Nabokov, che da ragazzino apparteneva a una famiglia ricca, colta e illustre, e che poi era caduto in uno stato di semi-povertà a causa della rivoluzione russa, aveva una grandissima stima di sé – stima che solo in parte stemperava con l’autoironia, come quando diceva, ad esempio, che lui pensava come un genio, scriveva come un autore eminente ma parlava come un bambino di cinque anni. Quando insegnava letteratura in un’Università americana, tra metà degli anni quaranta e i primi anni cinquanta, e raccontava la grandezza dei suoi autori preferiti – Puskin, Gogol, Dickens, Cechov, Flaubert, Proust, Kafka – è probabile che ritenesse di far parte di quel piccolo gruppetto di giganti, distaccando di tante lunghezze tutti quei romanzieri che gli erano contemporanei e che avevano raggiungo la fama in meno dei cinquantacinque anni che erano serviti a lui. Per dare un’idea della considerazione che aveva di sé: in un’intervista gli chiesero se nei suoi romanzi il tempo avesse qualcosa di proustiano; lui rispose che l’aggettivo giusto era nabokoviano. Riteneva di avere inventato, in letteratura, qualcosa che sarebbe stato ricordato. Ma anche se la sua aspirazione a occupare un ruolo fondamentale nella storia del romanzo aveva basi solide, e buoni motivi per essere alimentata, Nabokov aveva un limite che nessuno dei suoi sfidanti aveva: era troppo nabokoviano.

Nabokoviano può voler dire molto cose: bizantino, assurdo, fantasmagorico, elegante, farfallesco – ma l’aspetto più rilevante della sua produzione, e quello che forse dà un significato all’aggettivo, è l’amore sconfinato per la bellezza esteriore: per i dettagli, per il suono di ogni singola frase, per le metafore, per la struttura delle opere (con i suoi rimandi interni, le simmetrie, i trabocchetti). I suoi libri sono enormi trompe de l’oeil, dove tutto sembra vero, ma tutto è, allo stesso tempo, evidentemente falso: Nabokov non cercava mai il realismo, ma un gioco di prestigio che facesse esclamare per lo stupore e la meraviglia. La sua lingua è ricchissima di sfumature, di forme retoriche, di giochi di parole, di aggettivi, di neologismi – è una vertigine di continue invenzioni. Con il passare degli anni, però, Nabokov smise di esercitare una qualche forma di controllo su questa sua immensa capacità immaginifica, e finì per compiacersi della propria abilità: l’esempio più eclatante di come sia possibile gettare al vento il proprio talento è Ada, o ardore, che nelle intenzioni di Nabokov doveva essere un’opera all’altezza dell’Ulisse di James Joyce, e che invece mostra come l’insieme di 600 bellissime, presuntuosissime pagine non facciano necessariamente un romanzo.

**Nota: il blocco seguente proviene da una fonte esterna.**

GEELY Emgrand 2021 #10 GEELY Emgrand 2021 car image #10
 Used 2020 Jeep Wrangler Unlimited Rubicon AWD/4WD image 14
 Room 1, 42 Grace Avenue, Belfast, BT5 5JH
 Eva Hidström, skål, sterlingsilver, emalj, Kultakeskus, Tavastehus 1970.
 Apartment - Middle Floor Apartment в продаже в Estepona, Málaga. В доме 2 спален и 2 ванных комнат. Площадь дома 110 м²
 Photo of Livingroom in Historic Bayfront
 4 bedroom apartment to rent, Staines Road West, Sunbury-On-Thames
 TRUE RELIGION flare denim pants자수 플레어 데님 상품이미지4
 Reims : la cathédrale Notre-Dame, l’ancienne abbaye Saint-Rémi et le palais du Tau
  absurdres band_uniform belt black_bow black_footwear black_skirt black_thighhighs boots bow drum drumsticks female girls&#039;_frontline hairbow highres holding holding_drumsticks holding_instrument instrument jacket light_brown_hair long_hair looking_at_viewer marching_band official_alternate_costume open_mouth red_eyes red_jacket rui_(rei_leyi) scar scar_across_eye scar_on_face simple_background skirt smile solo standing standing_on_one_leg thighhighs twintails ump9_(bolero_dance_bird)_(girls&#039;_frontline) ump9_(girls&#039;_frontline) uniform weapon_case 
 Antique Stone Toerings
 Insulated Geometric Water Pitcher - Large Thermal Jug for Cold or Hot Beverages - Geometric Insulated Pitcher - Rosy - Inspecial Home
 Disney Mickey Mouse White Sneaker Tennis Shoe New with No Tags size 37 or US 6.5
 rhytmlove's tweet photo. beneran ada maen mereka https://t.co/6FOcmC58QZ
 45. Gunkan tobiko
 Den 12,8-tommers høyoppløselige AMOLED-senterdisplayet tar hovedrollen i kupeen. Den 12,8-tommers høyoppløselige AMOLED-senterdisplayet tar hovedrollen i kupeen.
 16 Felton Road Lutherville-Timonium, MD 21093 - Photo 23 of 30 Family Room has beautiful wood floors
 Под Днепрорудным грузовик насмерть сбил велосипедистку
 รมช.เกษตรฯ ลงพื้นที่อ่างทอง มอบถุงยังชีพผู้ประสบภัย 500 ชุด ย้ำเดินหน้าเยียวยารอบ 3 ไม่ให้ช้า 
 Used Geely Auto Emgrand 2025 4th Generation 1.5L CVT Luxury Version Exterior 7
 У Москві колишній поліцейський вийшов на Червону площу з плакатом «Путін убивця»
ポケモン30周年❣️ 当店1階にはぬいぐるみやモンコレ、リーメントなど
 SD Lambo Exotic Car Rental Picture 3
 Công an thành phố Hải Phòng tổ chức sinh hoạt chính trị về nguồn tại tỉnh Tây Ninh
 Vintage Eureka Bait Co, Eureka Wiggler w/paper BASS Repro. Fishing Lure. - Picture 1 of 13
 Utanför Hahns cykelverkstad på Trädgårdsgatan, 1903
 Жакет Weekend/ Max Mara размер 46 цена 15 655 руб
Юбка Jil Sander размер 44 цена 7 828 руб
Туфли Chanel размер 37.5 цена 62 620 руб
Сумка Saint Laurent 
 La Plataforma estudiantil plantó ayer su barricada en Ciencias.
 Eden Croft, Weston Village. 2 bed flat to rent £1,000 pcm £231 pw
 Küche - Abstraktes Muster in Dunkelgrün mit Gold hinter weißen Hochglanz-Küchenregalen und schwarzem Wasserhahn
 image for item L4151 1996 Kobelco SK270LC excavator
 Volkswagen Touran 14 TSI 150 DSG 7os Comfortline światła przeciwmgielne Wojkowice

In ogni caso, eccessi esclusi, si può dire che praticamente nessuno sia mai riuscito a raggiungere la perfezione della sua prosa. E poiché Nabokov ne era consapevole, ogni volta che qualcuno lo paragonava a Joseph Conrad, un altro scrittore di madrelingua slava che scriveva in inglese, sbottava dicendo che Conrad era un romanziere di serie B; e in effetti nessun autore poteva trovarsi così distante dalla sua nabokovianetà, (tranne, forse, Faulkner, che infatti disprezzava con lo stesso ardore).

Se Shakespeare fosse stato preso, e diviso in due parti, mettendo da un lato il giocoliere delle parole, il brillante commediografo, l’inesauribile creatore di metafore, l’abilissimo costruttore di trame, e dall’altro il tragediografo vigoroso del ciclo dei re inglesi, o quello di Antonio e Cleopatra, o Re Lear, con i suoi personaggi tormentati, la prosa poderosa, virile e asciutta, la visione pessimista della natura umana, la profondissima umanità, il dolore immenso, è probabile che Nabokov si sarebbe preso tutta la prima parte, e Conrad la seconda. Conrad può essere definito shakespeariano tanto quanto Nabokov, ma solo perché Shakespeare era tutto e il contrario di tutto: solo mettendoli insieme, avrebbero potuto fare un bardo intero.

Conrad è, a tutti gli effetti, uno scrittore che sta agli antipodi rispetto a Nabokov. La sua prosa, scolpita nella roccia, è nervosa, funzionale, a tratti faticosa – si intravede lo sforzo di una mente volenterosa, e volitiva, tutta tesa nell’attività di trasferire sulla carta un tumulto interiore, il risultato di una lunga, instancabile, laboriosa, ed estremamente faticosa, macinatura: di sassi. Nabokov danza sulle punte strizzando un occhio al pubblico e uno alla ballerina, Conrad spinge tronchi d’albero a mani nude e non guarda proprio nessuno. Ma se Nabokov disprezzava Conrad per la sua mancanza di stile, è probabile che Conrad si sarebbe risentito nell’essere paragonato a uno scrittore che era, se non immorale, quanto meno amorale: nessun personaggio di Conrad avrebbe mai potuto innamorarsi di una bambina di 12 anni (e, a dire il vero, nessun personaggio di Nabokov sarebbe mai stato capace di portare una nave in salvo da un tifone). Nabokov si prendeva gioco dei suoi personaggi e dei lettori (mai di se stesso), e rideva della follia; Conrad, anch’egli privo di autoironia, aveva invece un rispetto quasi religioso verso l’umanità intera, e gli errori e le manchevolezze degli esseri umani lo gettavano nello sgomento.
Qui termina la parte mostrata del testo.